The plant has been manufacturing and reconditioning rolling-mill components for customers for decades.

Service Guide was founded in the mid-1960s in Cortland as a repair, welding and machine company. It acquired the Dietz Road facility in about 2000 from American Welding, said Steve Bedard, general manager of the Warren and Cortland plants.

Three years later, Siemens acquired Service Guide and rolled it into its metals technology group. Mitsubishi Heavy Metals partnered with Siemens in 2015 in a joint venture for the metals business, calling it Primetals Technologies. The arrangement lasted five years before Mitsubishi bought out Siemens, leaving Primetals Technologies fully owned by Mitsubishi Heavy Industries.

Talks to move the Morgoil line to Warren started in 2015. The decision was confirmed in 2017, Bedard said.

To make room for the new line and manufacturing equipment, space needed made. That meant, Bedard said, opening the rear of the building and moving production bays. It also meant moving equipment from Massachusetts to Warren.

What essentially happened was warehouse space was made into “operational, functional space” with roof, wall, lighting and floor upgrades. Heat also was added.

Part of the facility is dedicated to manufacturing new Morgoil bearings. The operation also includes bearing reclamation services.

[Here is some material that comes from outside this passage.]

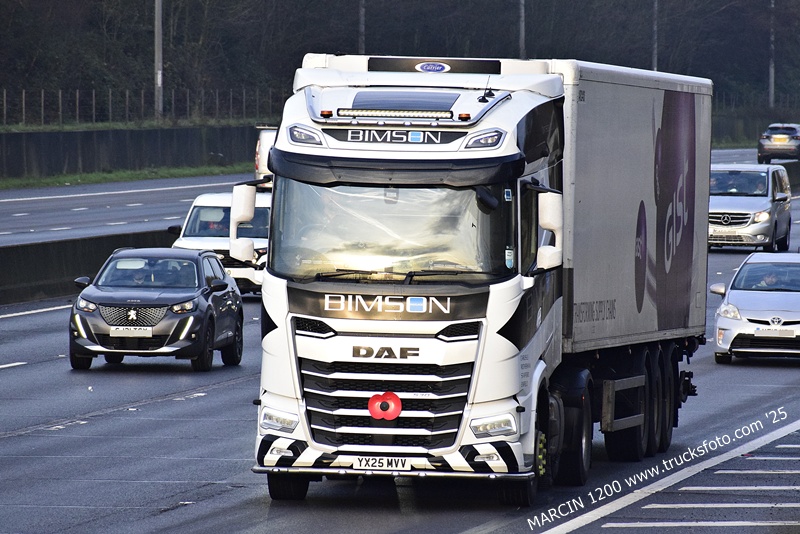 _DSC9315 BIMSON-crop-DAF XG.JPG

The bearings were developed in the 1930s.

“The principle of the bearing is it slides in an oil film and the oil has a much higher compressibility module than steel, so basically … this bearing at the same size has a much higher capacity than a roller bearing,” Royo said.

“A roller bearing would have to be much, much bigger to carry the same (or) similar loads, making the complete hot strip mill much bigger, much more expensive,” Royo said.